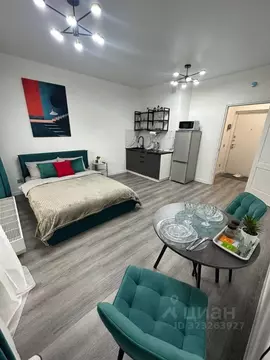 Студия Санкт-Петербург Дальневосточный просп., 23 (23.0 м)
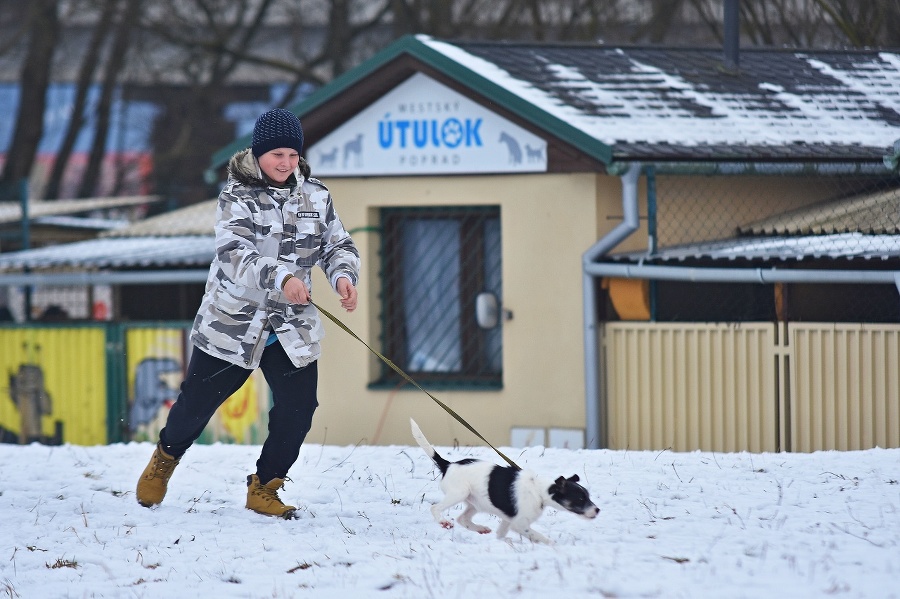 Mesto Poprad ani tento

* * *

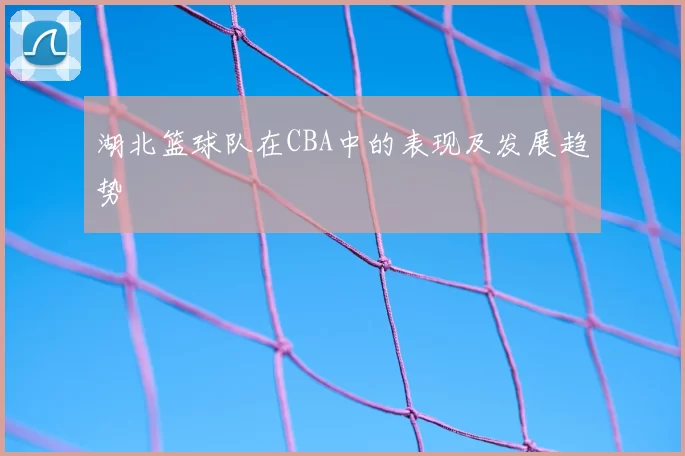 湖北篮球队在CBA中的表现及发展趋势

* * *

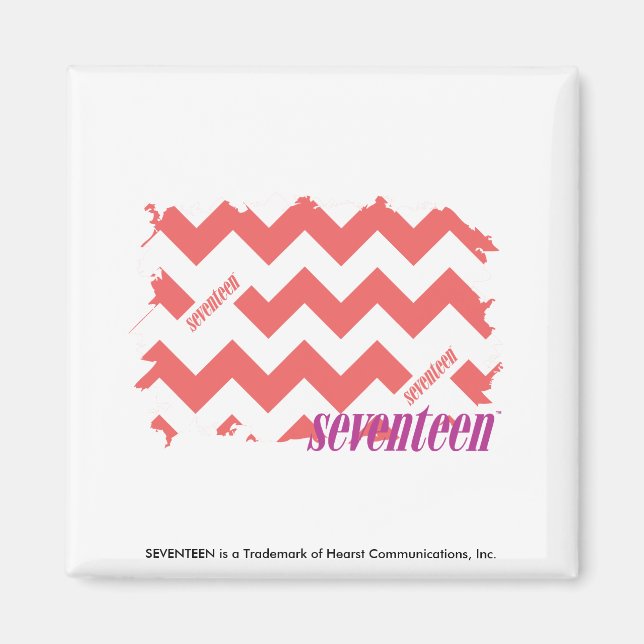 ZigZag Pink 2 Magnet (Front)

▶ [Exercise aim] Every line above between the one containing "Студия Санкт-Петербург Дальневосточный" and the one containing "Mesto Poprad ani tento", those two included, is to be printed exactly. No pictures go into the copy.

▶ [Task answer]
 Студия Санкт-Петербург Дальневосточный просп., 23 (23.0 м)
 Mesto Poprad ani tento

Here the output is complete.